▶ _GOAL OF THE EXERCISE_: Please transcribe the entries below exactly and leave out every picture.

****************

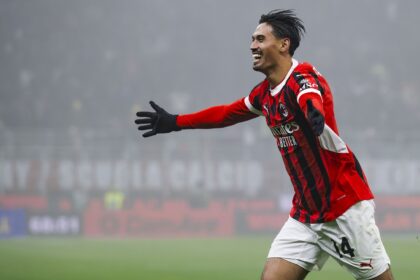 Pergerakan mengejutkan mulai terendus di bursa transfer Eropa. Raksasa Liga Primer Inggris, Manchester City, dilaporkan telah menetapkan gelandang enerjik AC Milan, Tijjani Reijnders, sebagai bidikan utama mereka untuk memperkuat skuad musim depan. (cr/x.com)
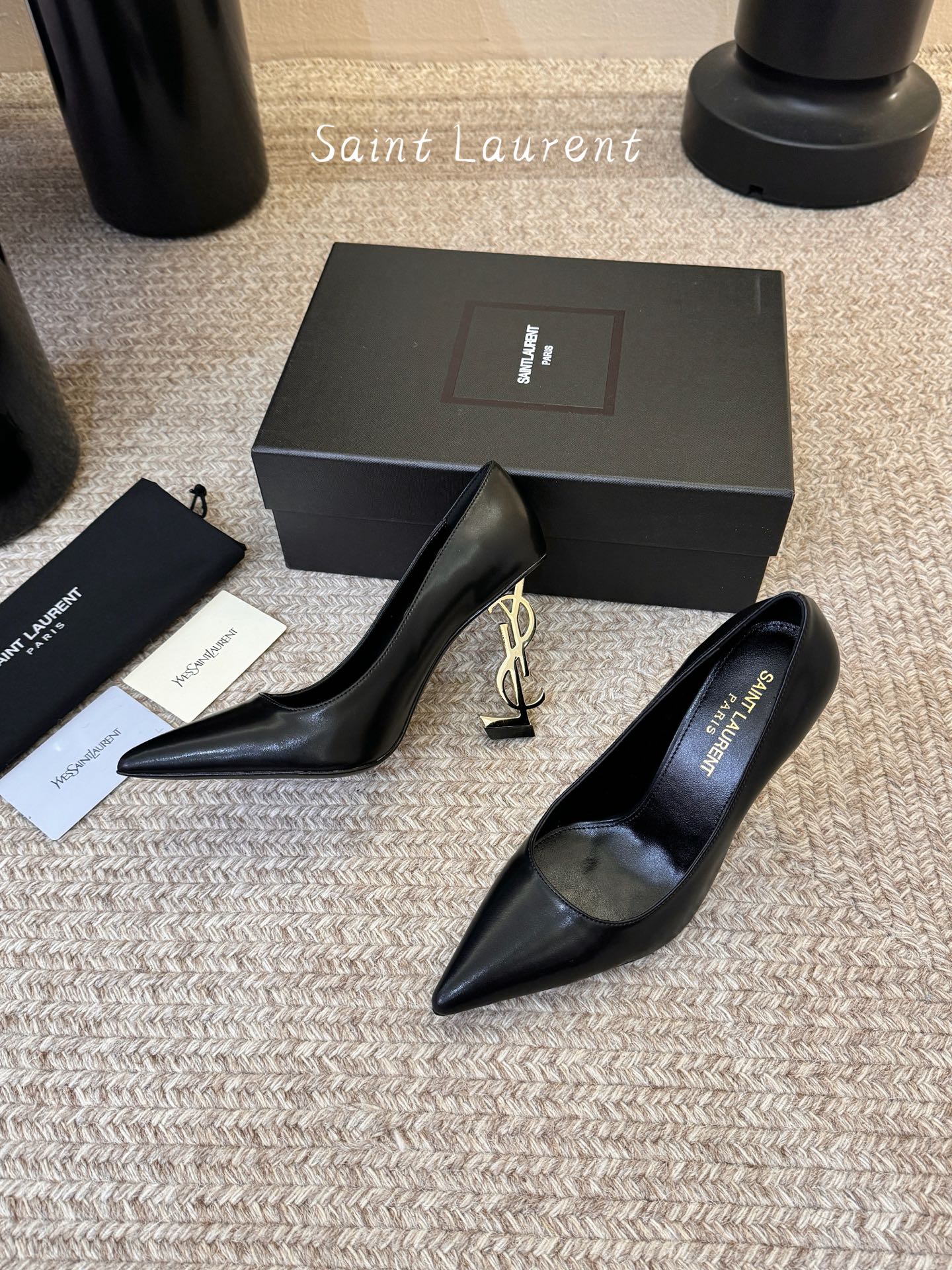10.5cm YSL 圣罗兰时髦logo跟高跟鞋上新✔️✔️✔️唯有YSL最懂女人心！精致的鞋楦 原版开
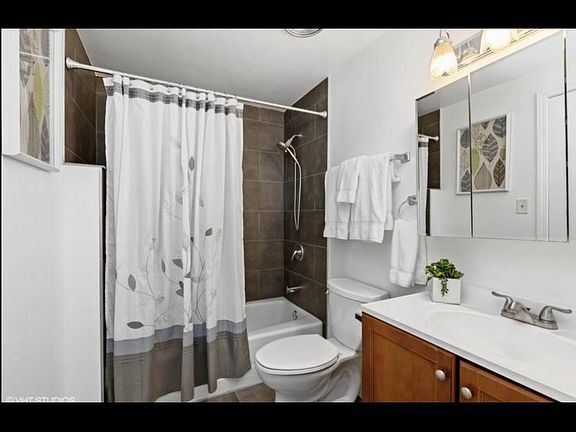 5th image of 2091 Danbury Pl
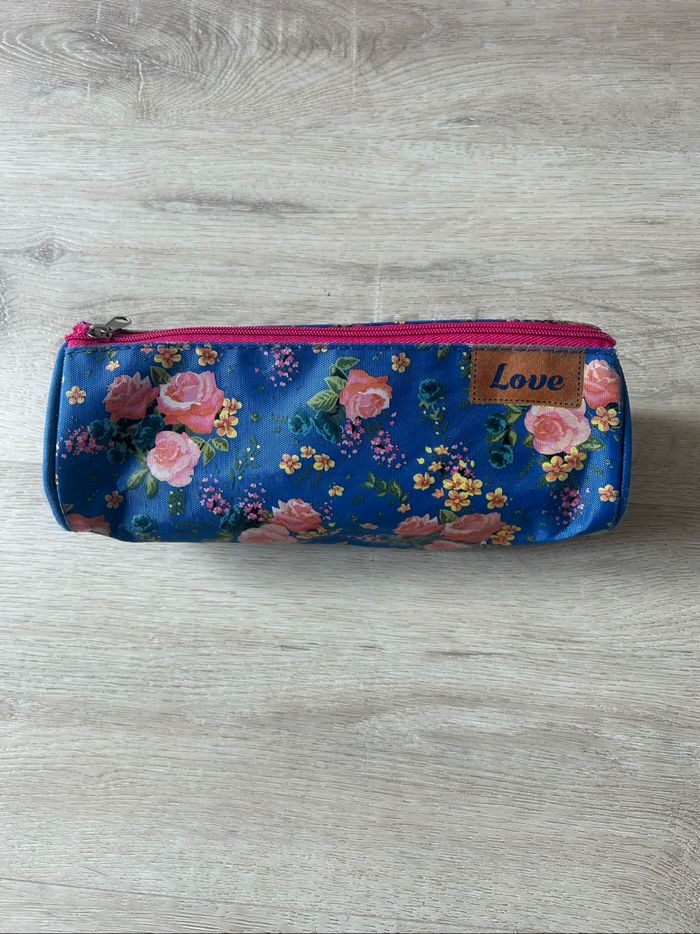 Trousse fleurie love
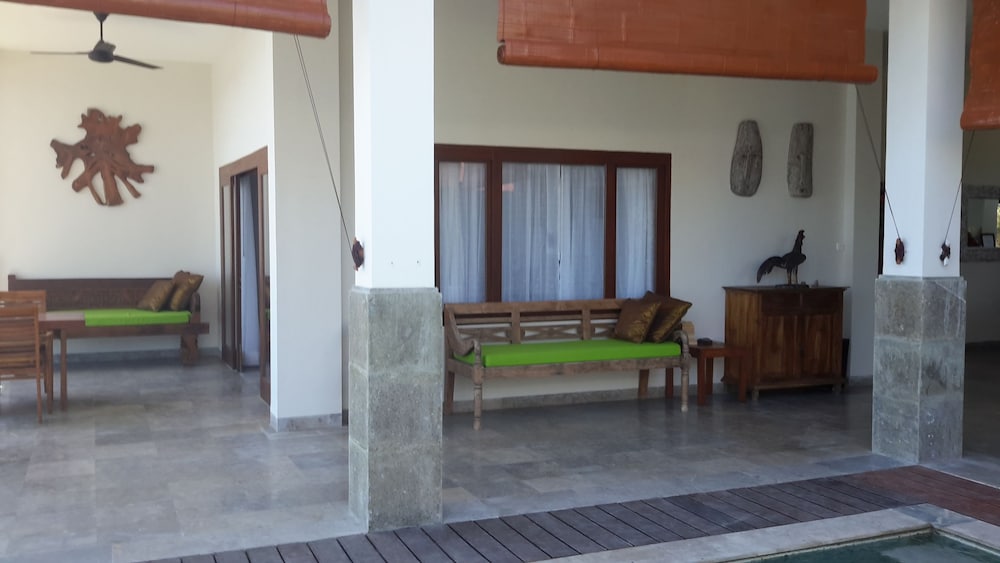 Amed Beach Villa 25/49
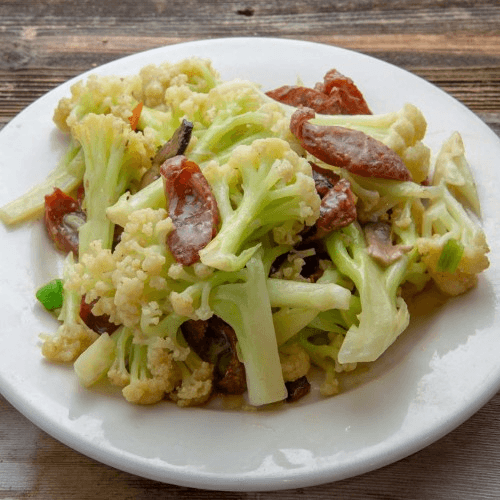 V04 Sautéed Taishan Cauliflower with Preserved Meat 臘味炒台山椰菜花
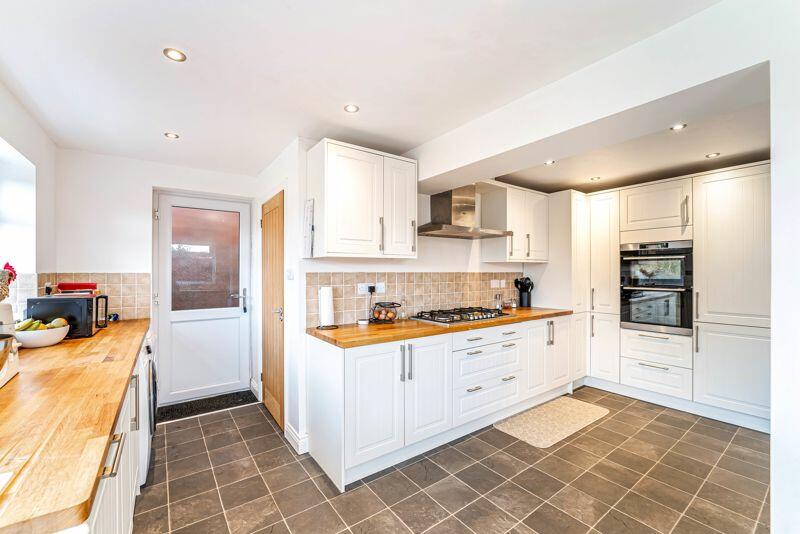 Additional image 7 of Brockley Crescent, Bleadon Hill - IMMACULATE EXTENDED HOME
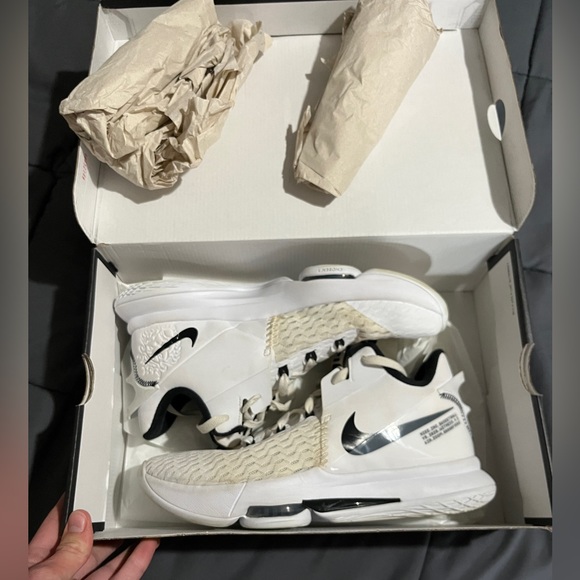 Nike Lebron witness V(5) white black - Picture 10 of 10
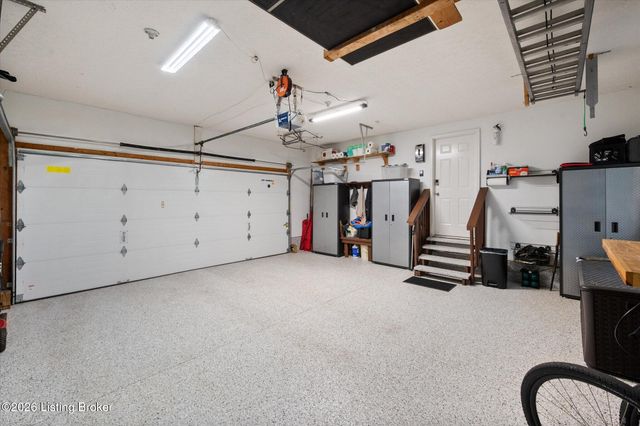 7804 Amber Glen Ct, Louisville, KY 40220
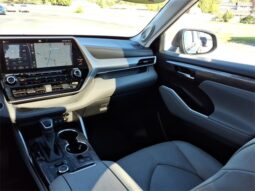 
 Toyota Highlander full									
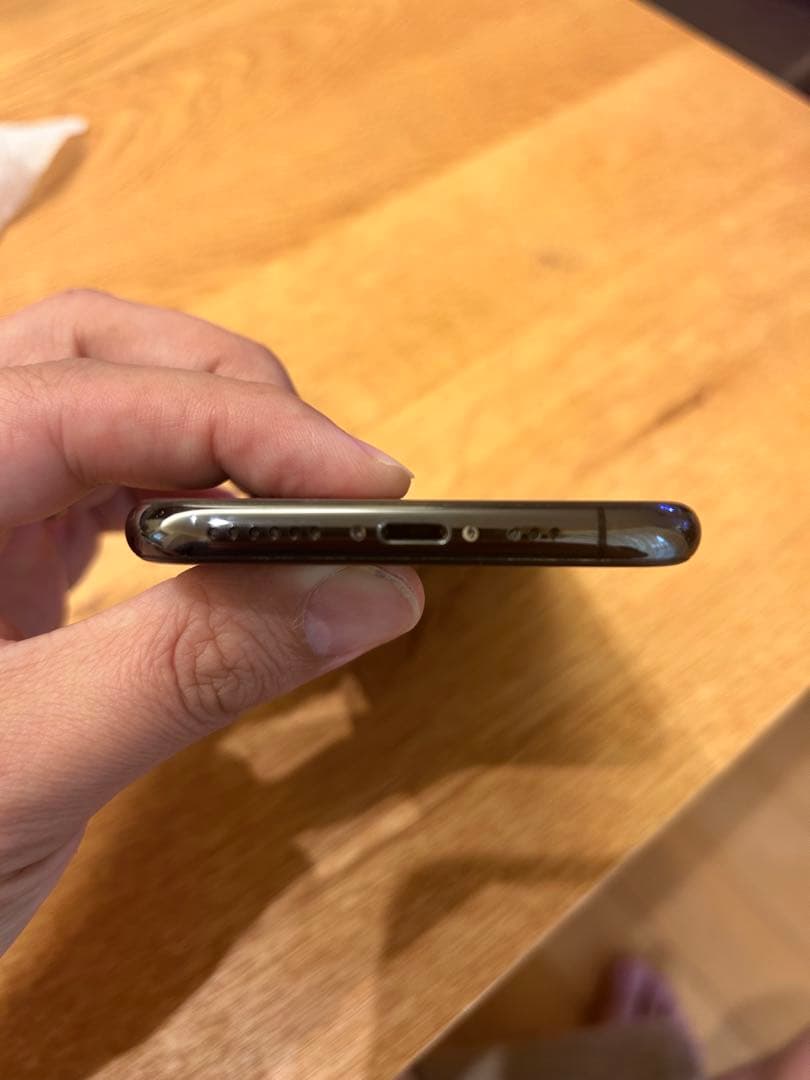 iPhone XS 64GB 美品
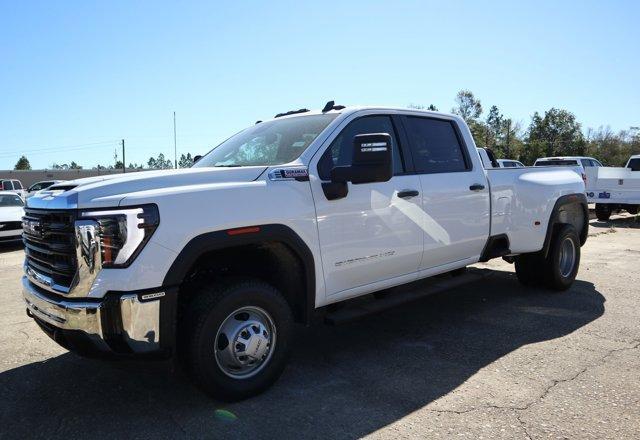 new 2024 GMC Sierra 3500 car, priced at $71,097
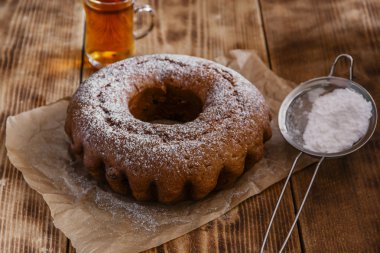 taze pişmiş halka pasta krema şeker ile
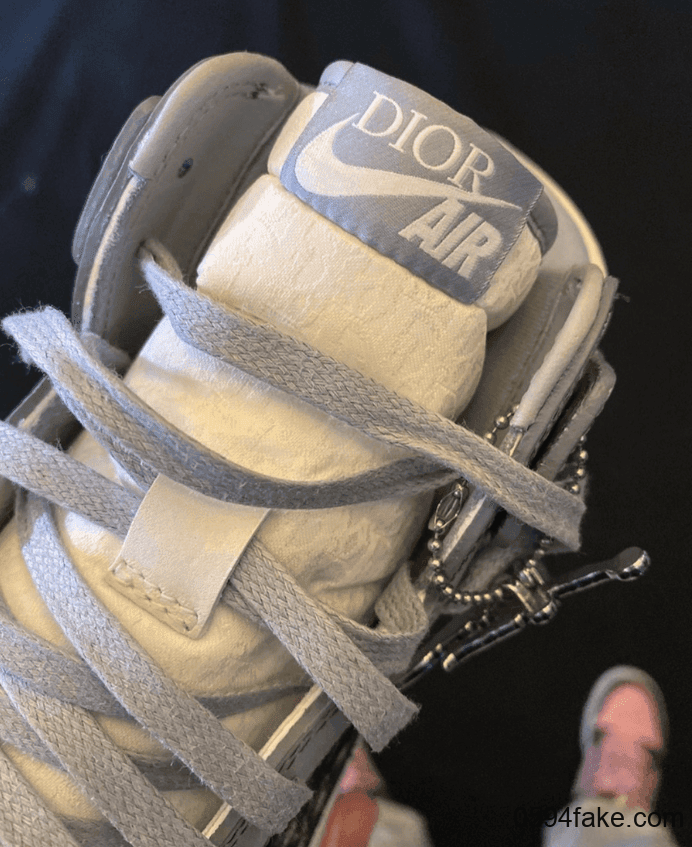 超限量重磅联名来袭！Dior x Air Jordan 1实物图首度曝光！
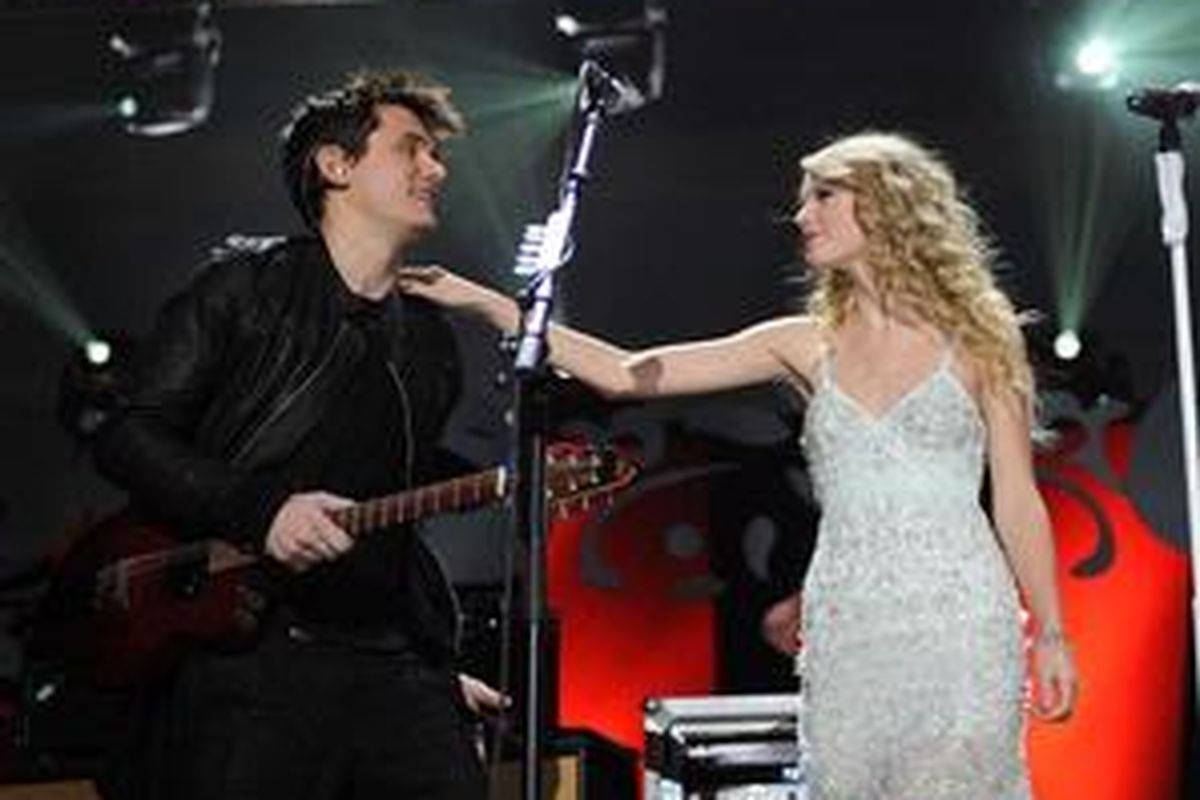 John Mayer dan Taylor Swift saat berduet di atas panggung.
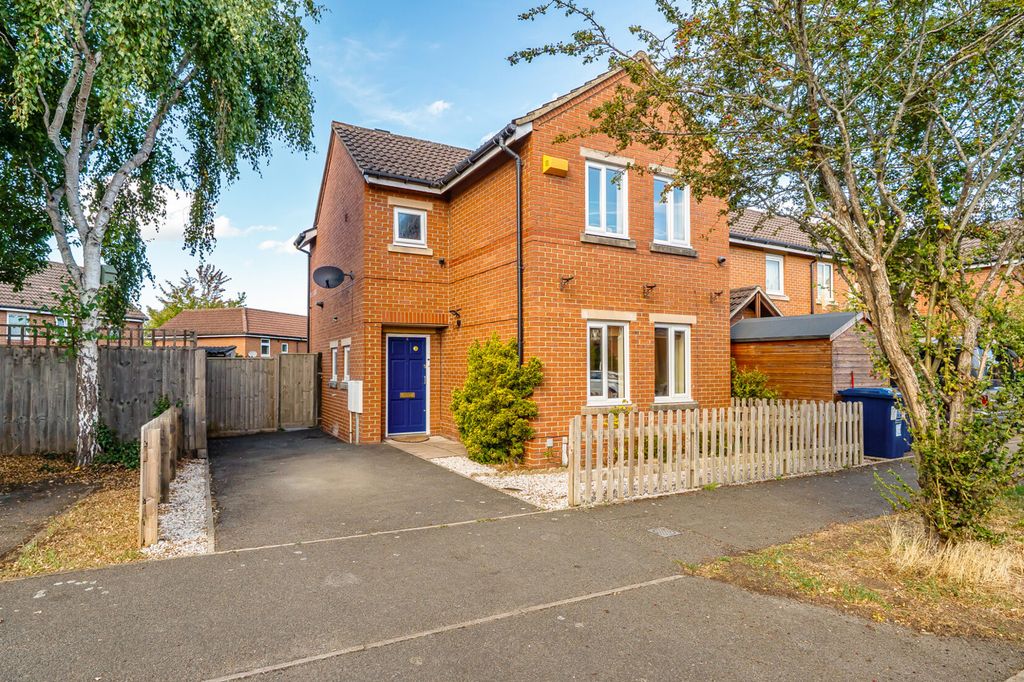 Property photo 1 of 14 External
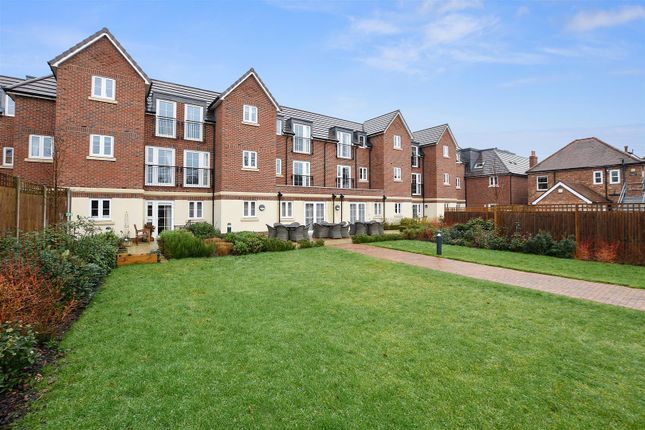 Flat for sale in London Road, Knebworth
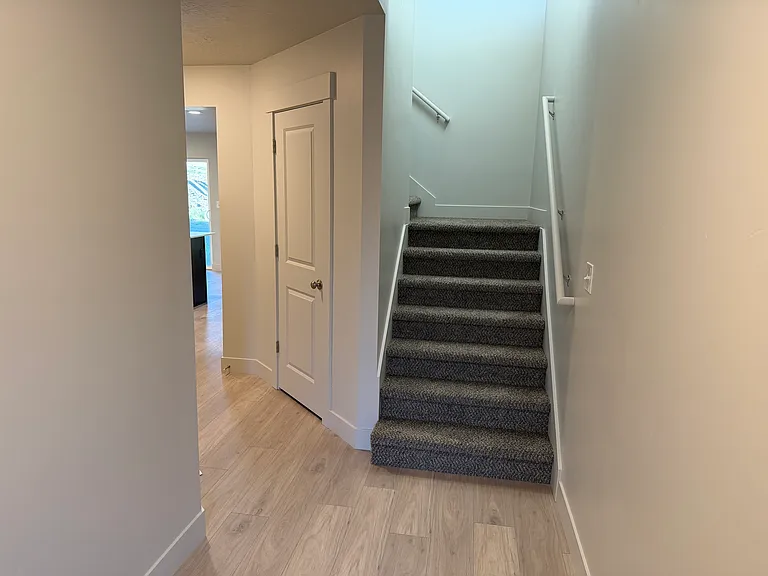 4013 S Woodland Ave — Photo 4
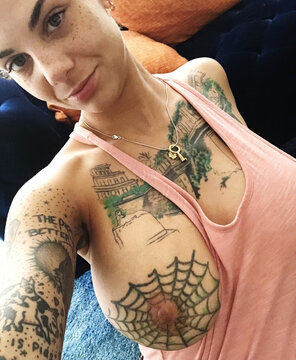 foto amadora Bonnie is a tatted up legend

****************

▶ _PROBLEM SOLUTION_:
 Pergerakan mengejutkan mulai terendus di bursa transfer Eropa. Raksasa Liga Primer Inggris, Manchester City, dilaporkan telah menetapkan gelandang enerjik AC Milan, Tijjani Reijnders, sebagai bidikan utama mereka untuk memperkuat skuad musim depan. (cr/x.com)
10.5cm YSL 圣罗兰时髦logo跟高跟鞋上新✔️✔️✔️唯有YSL最懂女人心！精致的鞋楦 原版开
 5th image of 2091 Danbury Pl
 Trousse fleurie love
 Amed Beach Villa 25/49
 V04 Sautéed Taishan Cauliflower with Preserved Meat 臘味炒台山椰菜花
 Additional image 7 of Brockley Crescent, Bleadon Hill - IMMACULATE EXTENDED HOME
 Nike Lebron witness V(5) white black - Picture 10 of 10
 7804 Amber Glen Ct, Louisville, KY 40220
 Toyota Highlander full									
 iPhone XS 64GB 美品
 new 2024 GMC Sierra 3500 car, priced at $71,097
 taze pişmiş halka pasta krema şeker ile
 超限量重磅联名来袭！Dior x Air Jordan 1实物图首度曝光！
 John Mayer dan Taylor Swift saat berduet di atas panggung.
 Property photo 1 of 14 External
 Flat for sale in London Road, Knebworth
 4013 S Woodland Ave — Photo 4
 foto amadora Bonnie is a tatted up legend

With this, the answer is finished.